*Task statement*.
Retyping should cover only the lines from the one containing "JESSICA | PetCurious" through the final line of the records, with pictures omitted.

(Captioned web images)
BEGIN
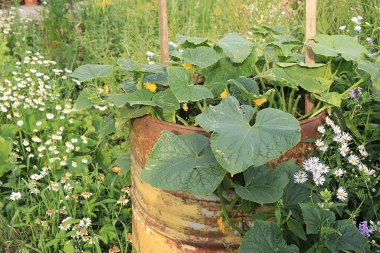 Kırsal bir sebze bahçesinde genç dereotlu yataklar. Doğal ürünlerin eko konsepti ve sonbaharda hasat, kırsal yaşam tarzı,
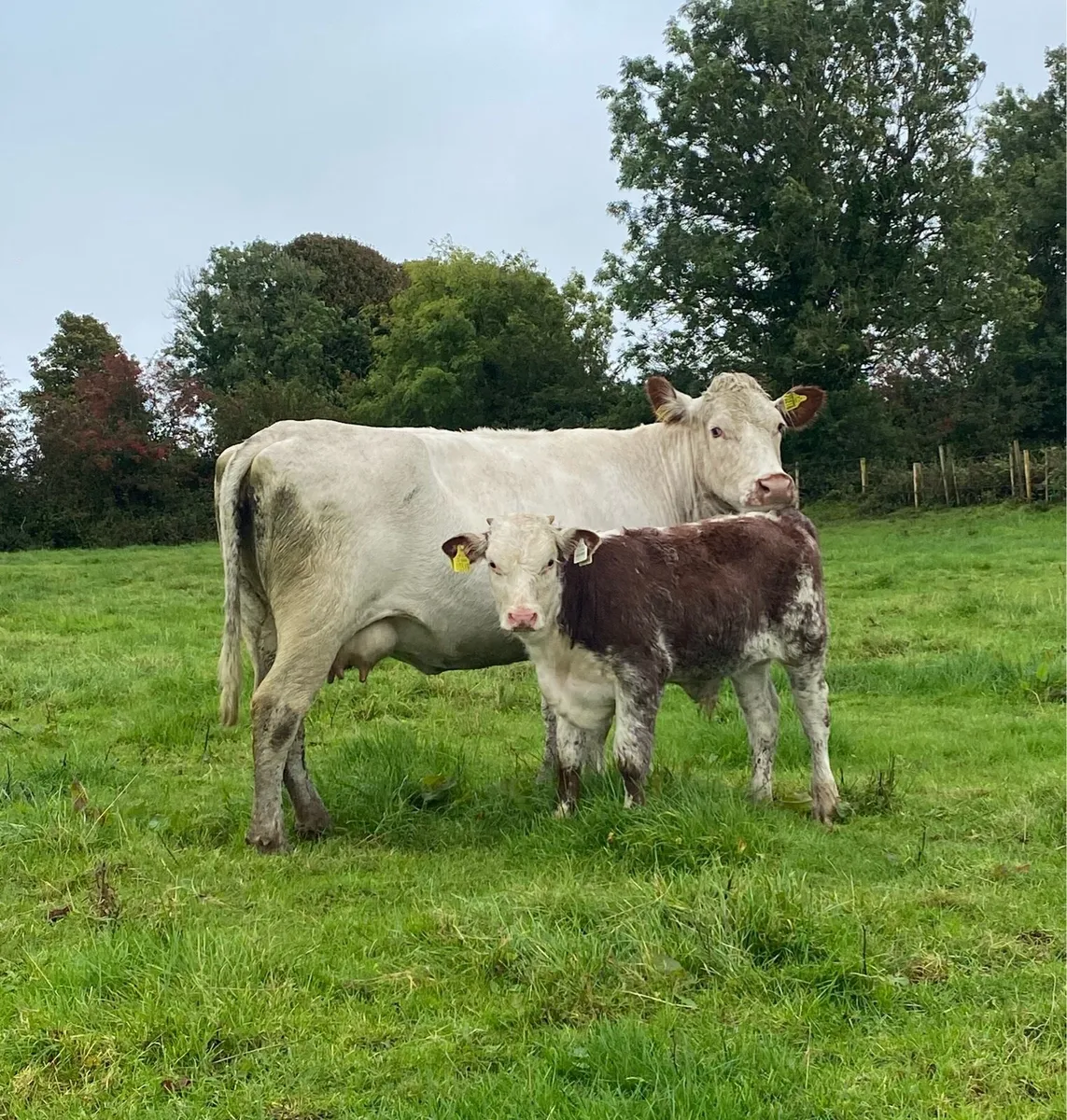 Charolais Cow and Roan Bull Calf - Image 4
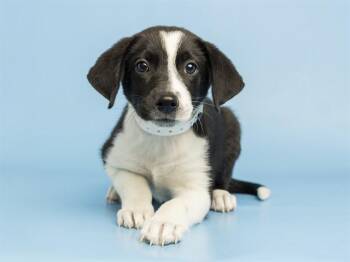 JESSICA -  Border Collie and Mixed Breed Dog for Adoption in Phoenix, Arizona - JESSICA | PetCurious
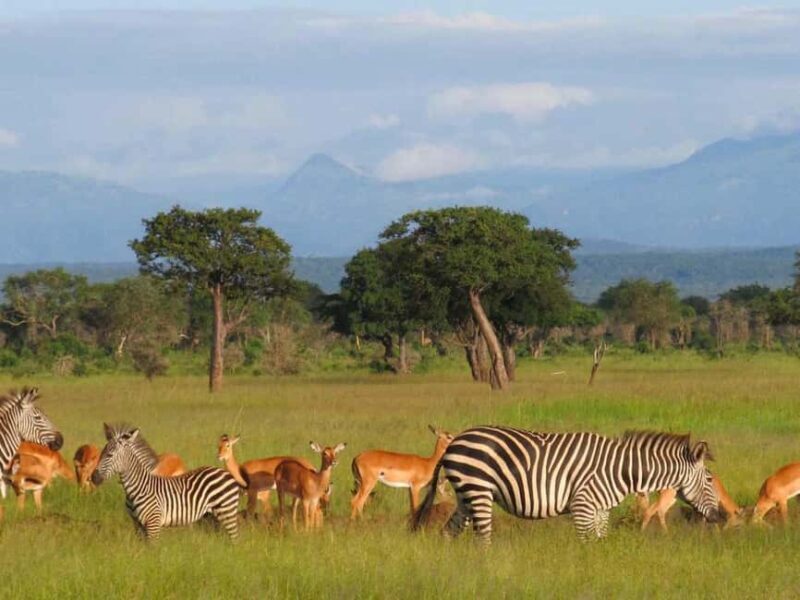 Mikumi & Udzungwa: 4-Day Safari from Zanzibar of Daressalaam - The Return Journey & Reflection
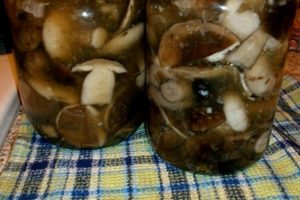 Како солити и укиселити гљиве аспен, рецепте за зиму у стакленкама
END
*Your solution*.
 JESSICA -  Border Collie and Mixed Breed Dog for Adoption in Phoenix, Arizona - JESSICA | PetCurious
 Mikumi & Udzungwa: 4-Day Safari from Zanzibar of Daressalaam - The Return Journey & Reflection
 Како солити и укиселити гљиве аспен, рецепте за зиму у стакленкама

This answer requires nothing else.